Approximately 40,000 Images and Multimedia Projects Were Submitted from Nearly 100 Countries
Columbia, Mo. (March 2, 2018) — The judging process for the 75th annual Pictures of the Year International competition has been completed, and the winners announced. For 2018, nearly 40,000 images and hundreds of multimedia projects were submitted.
Every year, seasoned photo editors and photographers from around the world donate their time to review every entry over a three-week period of judging. The process is an intense one, often described as “thrilling but exhausting.”
For the first time, POYi held the majority of its judging via Facebook Live. The broadcast reached nearly 600,000 people, and more than 130,000 online visitors have watched the videos created from the judges’ discussions, still available on the Pictures of the Year International Facebook page.
For incoming director and University of Missouri alumnus Lynden Steele, BJ ’52, POYi provided an opportunity for a return to familiar territory: “I volunteered with POYi as an undergrad and have watched the contest as a professional evolve over the years,” said Steele. “My favorite part of POYi is when the judges talk about the entries with each other. They bring real insight to bear on the work. I’ve been working as a photographer and editor for about 25 years and, after watching and listening to the judges, I can say I’m a better editor now than I was a month ago.”
POYi judges selected nearly 200 winners across 36 categories, with work ranging from a single photograph to long-term multimedia projects. A complete listing of all categories and winners is available by visiting the POYi website. Prizewinners of note include:
- Adam Ferguson, who was named “Photographer of the Year.” Ferguson’s portfolio includes stories from Australia’s outback and a portrait series of women who were forced to carry suicide bombs by Boko Haram. His work was published by The New York Times.
- Magnus Wennman, staff photographer of the Swedish newspaper Aftonbladet, who was named “Newspaper Photographer of the Year.” Wennman’s portfolio includes a longterm project about the friendship between two homeless men and another one on starvation in the Sudan.
- Katie Falkenberg of the Los Angeles Times, who was named “Multimedia Photographer of the Year.” Falkenberg’s portfolio consists of video pieces ranging from an intimate look at one man’s passion to the realities facing people in two towns, both affected by the same business when it left one and moved to the other.
- Mizzou alumna and the director of photography at National Geographic Sarah Leen, BA ’74, along with the magazine’s editing staff, who took home the “Angus McDougal Overall Excellence in Editing Award.” Named for a longtime J-School faculty member, the award is a traveling Tiffany trophy engraved with the name of the winning publication.
- TIME Magazine, who won the “Documentary Project of the Year” category with “Firsts,” a web-based presentation about groundbreaking women” “The goal with ‘Firsts’ is for every woman and girl to find someone whose presence in the highest reaches of success says to her that it is safe to climb, come on up, the view is spectacular.”

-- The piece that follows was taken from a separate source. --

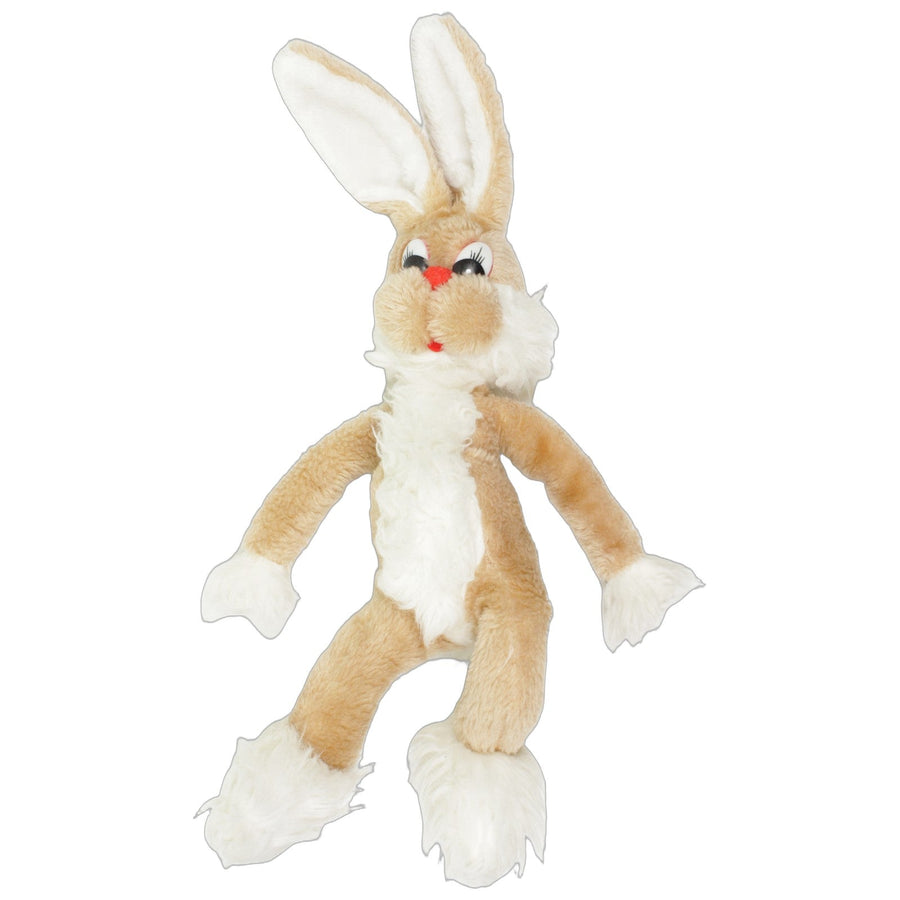 Schlenker Hase mit langen Ohren, groß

- Freelancer Scott Brennan, who won the “Community Awareness Award” for his work covering how two towns faced down violence: “(The two municipalities) have asserted their own, local grassroots governments as a direct response to the violence plaguing Mexico.”
Pictures of the Year International will be celebrating its 75th year with an exhibit opening at the Newseum in Washington, D.C., on Friday, April 6. The exhibit will run through Jan. 20, 2019. A photo day, including speakers and activities, will be held at the Newseum on Saturday, April 7.
Created in 1944 at the Missouri School of Journalism as The First Exhibition of Spot News and Feature Photography, founder Cliff Edom intended to recognize newspaper and magazine photographers on the World War II home front. It has since evolved into an international competition with more than 40,000 entries annually. It became affiliated with the Missouri School of Journalism’s Reynolds Journalism Institute in 2008. Ethical visual reporting and in-depth storytelling are the hallmarks of these awards, with an educational program that consistently represents “the gold standard” in photojournalism. POYI receives financial support from RJI and photographers, editors and publications who enter the annual competition as well as the POYi Endowment.
The Missouri School of Journalism’s Reynolds Journalism Institute opened its doors in 2008 with the mission of strengthening democracy through better journalism. It serves as a research and development hub for the Missouri School of Journalism and forms close collaborations with industry partners that often leverage the enthusiasm and expertise of students and professors. RJI serves as the headquarters for the Pictures of the Year International competition.